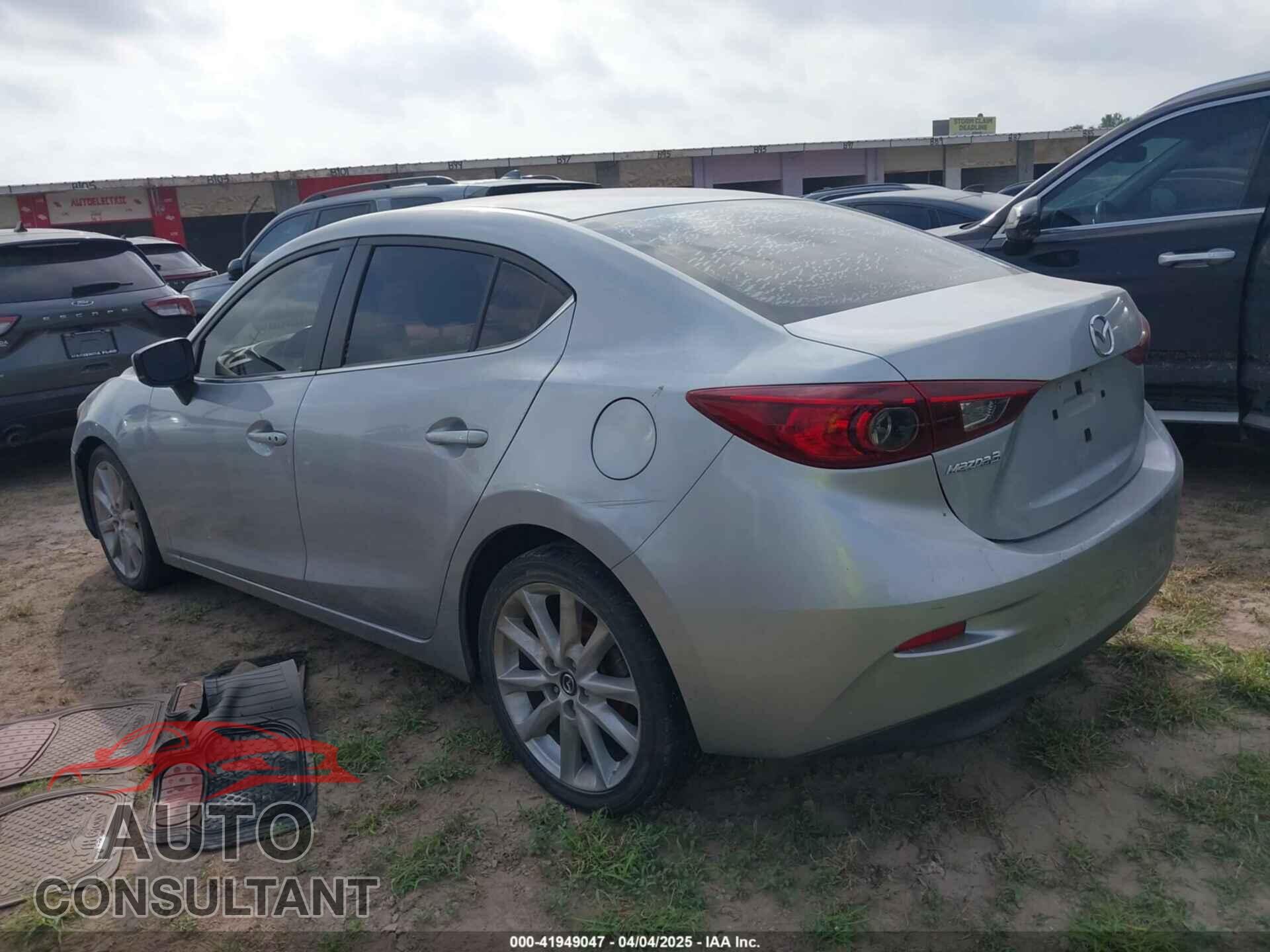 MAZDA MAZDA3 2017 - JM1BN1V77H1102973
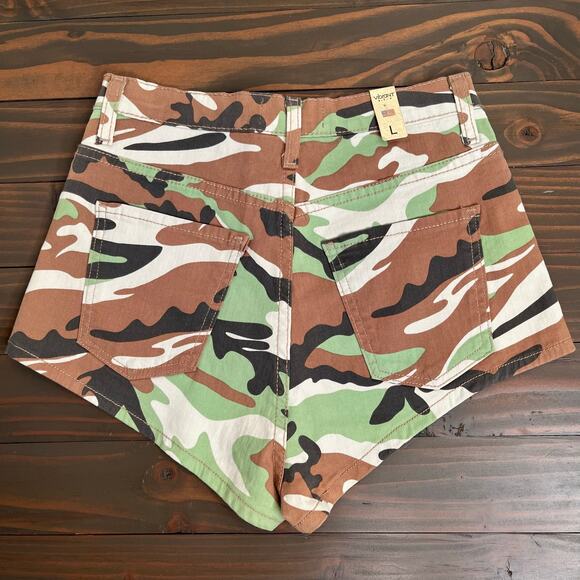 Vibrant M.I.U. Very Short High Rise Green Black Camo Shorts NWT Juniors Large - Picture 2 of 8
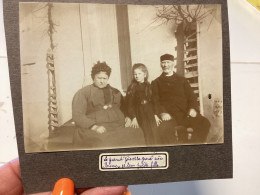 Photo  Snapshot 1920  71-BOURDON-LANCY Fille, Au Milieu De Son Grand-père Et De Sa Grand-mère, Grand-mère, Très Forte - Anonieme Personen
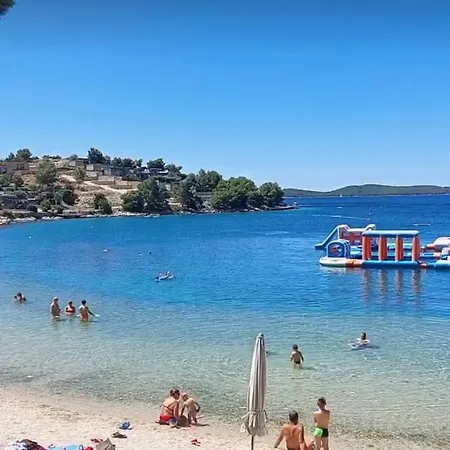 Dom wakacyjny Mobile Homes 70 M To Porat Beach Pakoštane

* * *

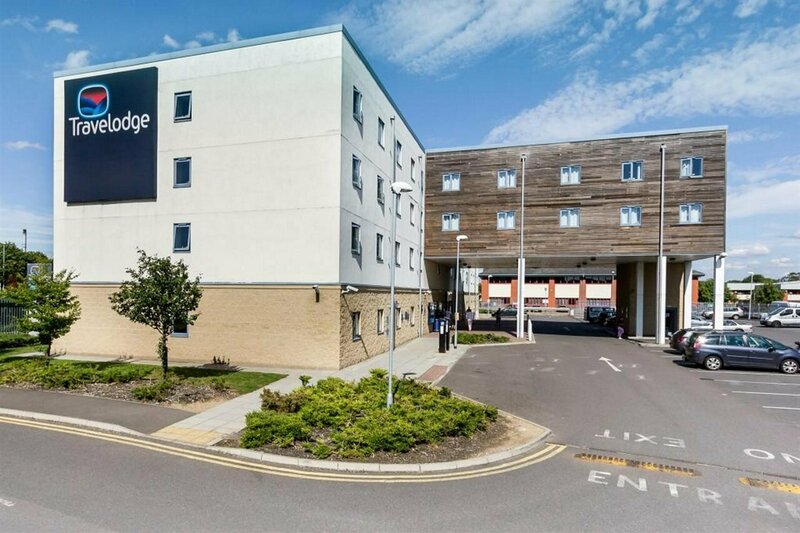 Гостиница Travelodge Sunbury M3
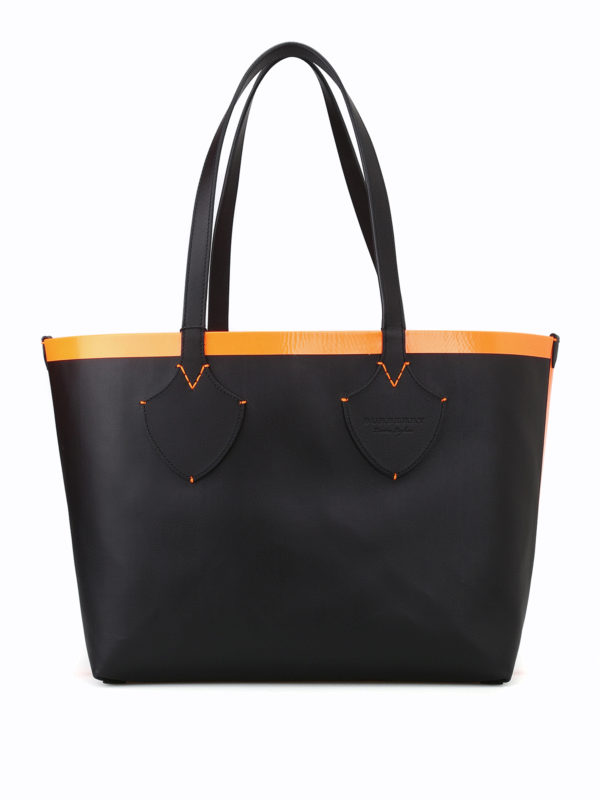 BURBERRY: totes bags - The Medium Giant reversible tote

What is needed: Please copy the lines above exactly, starting at the line that holds "MAZDA MAZDA3 2017 - JM1BN1V77H1102973" and ending at the line that holds "Dom wakacyjny Mobile"; include both, but no pictures.

Problem solution:
 MAZDA MAZDA3 2017 - JM1BN1V77H1102973
 Vibrant M.I.U. Very Short High Rise Green Black Camo Shorts NWT Juniors Large - Picture 2 of 8
 Photo  Snapshot 1920  71-BOURDON-LANCY Fille, Au Milieu De Son Grand-père Et De Sa Grand-mère, Grand-mère, Très Forte - Anonieme Personen
 Dom wakacyjny Mobile Homes 70 M To Porat Beach Pakoštane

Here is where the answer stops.